Changes of Milk Metabolomic Profiles Resulting from a Mycotoxins-Contaminated Corn Silage Intake by Dairy Cows

Abstract

In this study, an untargeted metabolomics approach based on ultra-high-performance liquid chromatography coupled with high-resolution mass spectrometry (UHPLC-HRMS) was used for investigating changes in chemical profiles of cow milk considering diets based on mycotoxins-contaminated corn silages. For this purpose, 45 milk samples were classified into five clusters according to the corn silage contamination profile, namely (1) low levels of Aspergillus- and Penicillium-mycotoxins; (2) low levels of fumonisins and other Fusarium-mycotoxins; (3) high levels of Aspergillus-mycotoxins; (4) high levels of non-regulated Fusarium-mycotoxins; (5) high levels of fumonisins and their metabolites, and subsequently analyzed by UHPLC-HRMS followed by a multivariate statistical analysis (both unsupervised and supervised statistical approaches).

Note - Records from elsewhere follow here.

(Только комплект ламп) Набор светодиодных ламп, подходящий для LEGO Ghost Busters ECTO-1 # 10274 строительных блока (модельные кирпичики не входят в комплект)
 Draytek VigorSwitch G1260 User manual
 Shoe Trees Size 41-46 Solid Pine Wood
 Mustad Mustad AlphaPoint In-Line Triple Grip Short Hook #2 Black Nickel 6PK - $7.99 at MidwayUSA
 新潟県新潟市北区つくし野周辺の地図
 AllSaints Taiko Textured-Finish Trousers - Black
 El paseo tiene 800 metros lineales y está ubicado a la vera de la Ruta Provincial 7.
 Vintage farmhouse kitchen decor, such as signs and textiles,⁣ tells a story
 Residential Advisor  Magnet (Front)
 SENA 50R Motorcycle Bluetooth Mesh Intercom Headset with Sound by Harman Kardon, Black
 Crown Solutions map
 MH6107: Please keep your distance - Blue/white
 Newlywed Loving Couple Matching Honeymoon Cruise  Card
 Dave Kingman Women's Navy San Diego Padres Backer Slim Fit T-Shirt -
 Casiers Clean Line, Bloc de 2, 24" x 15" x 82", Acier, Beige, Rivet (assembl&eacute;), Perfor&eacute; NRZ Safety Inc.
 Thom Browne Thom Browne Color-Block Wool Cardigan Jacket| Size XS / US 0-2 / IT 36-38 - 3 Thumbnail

Overall, the milk metabolomic profile highlighted potential correlations between the quality of contaminated corn silages (as part of the total mixed ration) and milk composition. Metabolomics allowed to identify 628 significant milk metabolites as affected by the five levels of corn silage contamination considered, with amino acids and peptides showing the highest metabolite set enrichment (134 compounds). Additionally, 78 metabolites were selected as the best discriminant of the prediction model built, possessing a variable importance in projection score >1.2. The average Log Fold-Change variations of the discriminant metabolites provided evidence that sphingolipids, together with purine and pyrimidine-derived metabolites were the most affected chemical classes. Also, metabolomics revealed a significant accumulation of oxidized glutathione in milk samples belonging to the silage cluster contaminated by emerging Aspergillus toxins, likely involved in the oxidative imbalance. These preliminary findings provide new insights into the potential role of milk metabolomics to provide chemical indicators of mycotoxins-contaminated corn silage feeding systems.